I am working on doing a diff between tables in postgresql, it takes a long time, as each table is ~13GB... My current query is:
SELECT * FROM tableA EXCEPT SELECT * FROM tableB; and
SELECT * FROM tableB EXCEPT SELECT * FROM tableA; When I do a diff on the two (unindexed) tables it takes 1:40 hours (1 hour and 40 minutes) In order to get both the new and removed rows I need to run the query twice, bringing the total time to 3:30 hours.
I ran the Postgresql EXPLAIN query on it to see what it was doing. It looks like it is sorting the first table, then the second, then comparing them. Well that made me think that if I indexed the tables they would be presorted and the diff query would be much faster.
Indexing each table took 45 minutes. Once Indexed, each Diff took 1:35 hours. Why do the indexes only shave off 5 minutes off the total diff time?
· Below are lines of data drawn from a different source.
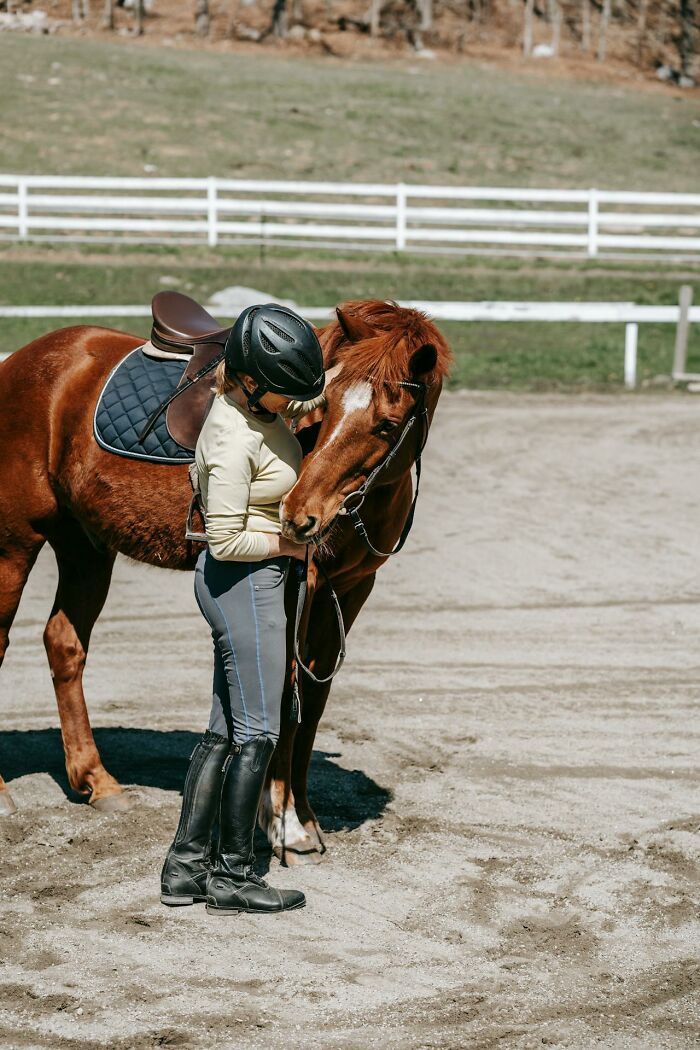 Wait, Animals Saving Humans? Yep, Happened A LOT!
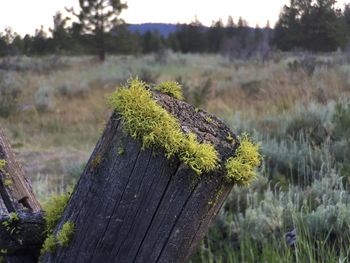 Close-up of plant growing on field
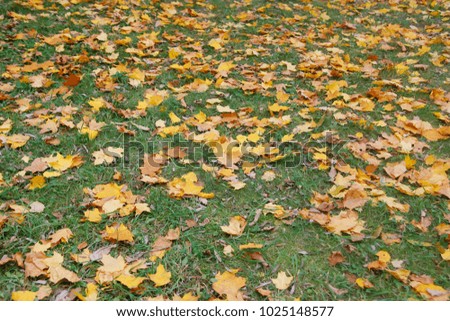 leaf autumn on grass.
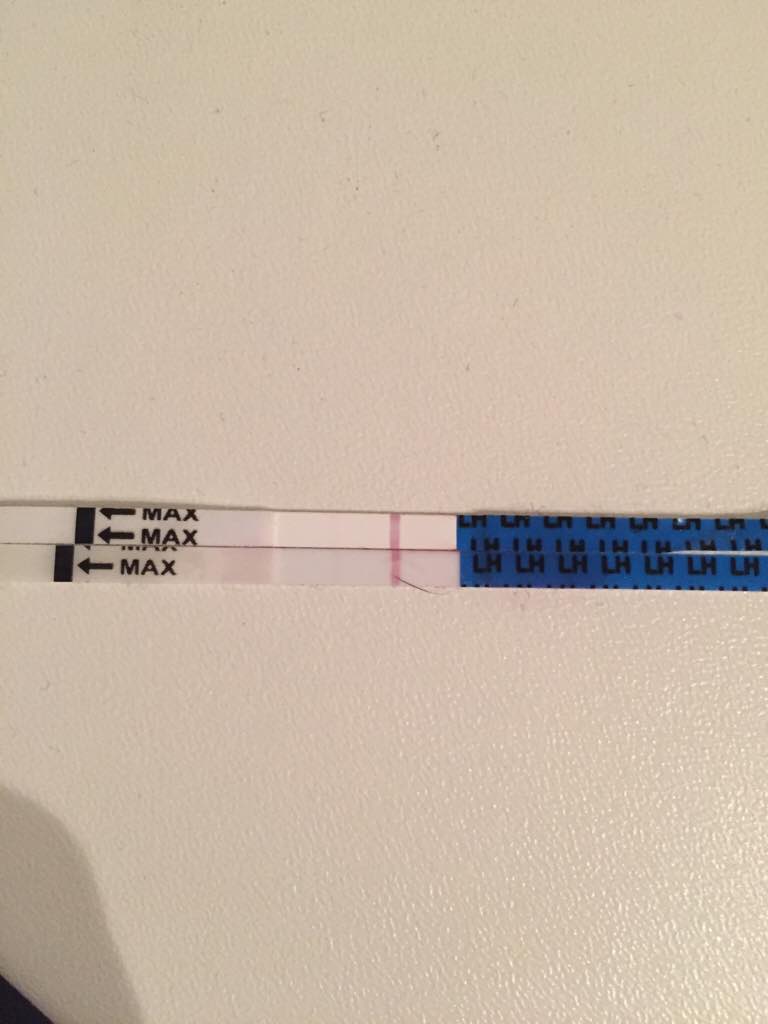 ImageUploadedByVau Foorumi1493364144.729812.jpg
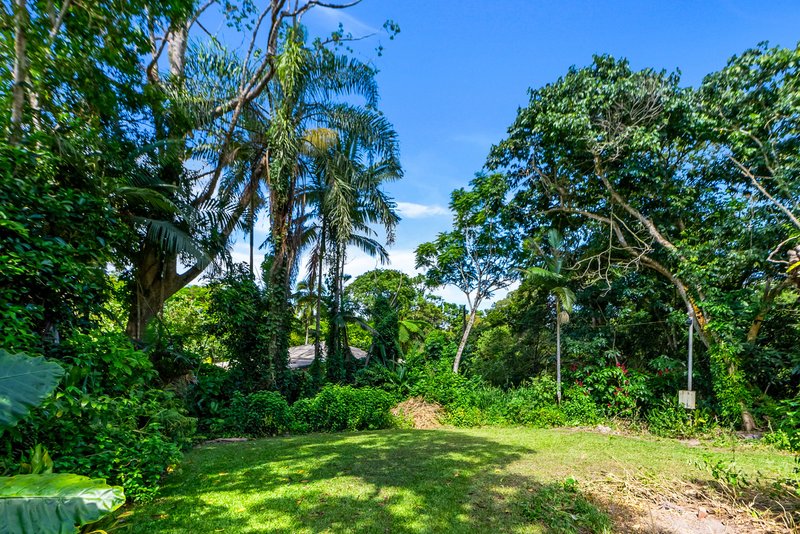 Photo - 16 Spear Road, Kuranda QLD 4881 - Image 22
I would assume that it would be more than half, since in the unindexed queries I am sorting each table twice (I need to run the query twice)
Since one of these tables will not be changing much, it will only need to be indexed once, the other will be updated daily. So the total runtime for the indexed method is 45 minutes for the index, plus 2x 1:35 for the diff, giving a total of 3:55 hours, almost 4hours.
What am I doing wrong here, I can't possibly see why with the index my net diff time is larger than without it?
This is in slight reference to my other question here: Postgresql UNION takes 10 times as long as running the individual queries
EDIT: Here is the schema for the two tables, they are identical except the table name.
CREATE TABLE bulk.blue ( "partA" text NOT NULL, "type" text NOT NULL, "partB" text NOT NULL ) WITH ( OIDS=FALSE );
explain analyzewould be very helpful and should always be done when you are doing comparative analysis after making changes. For example, it would have shown that you still were not using indices after you added them. BTW, clustering on the index would make it work stupendously faster once you used the correct query.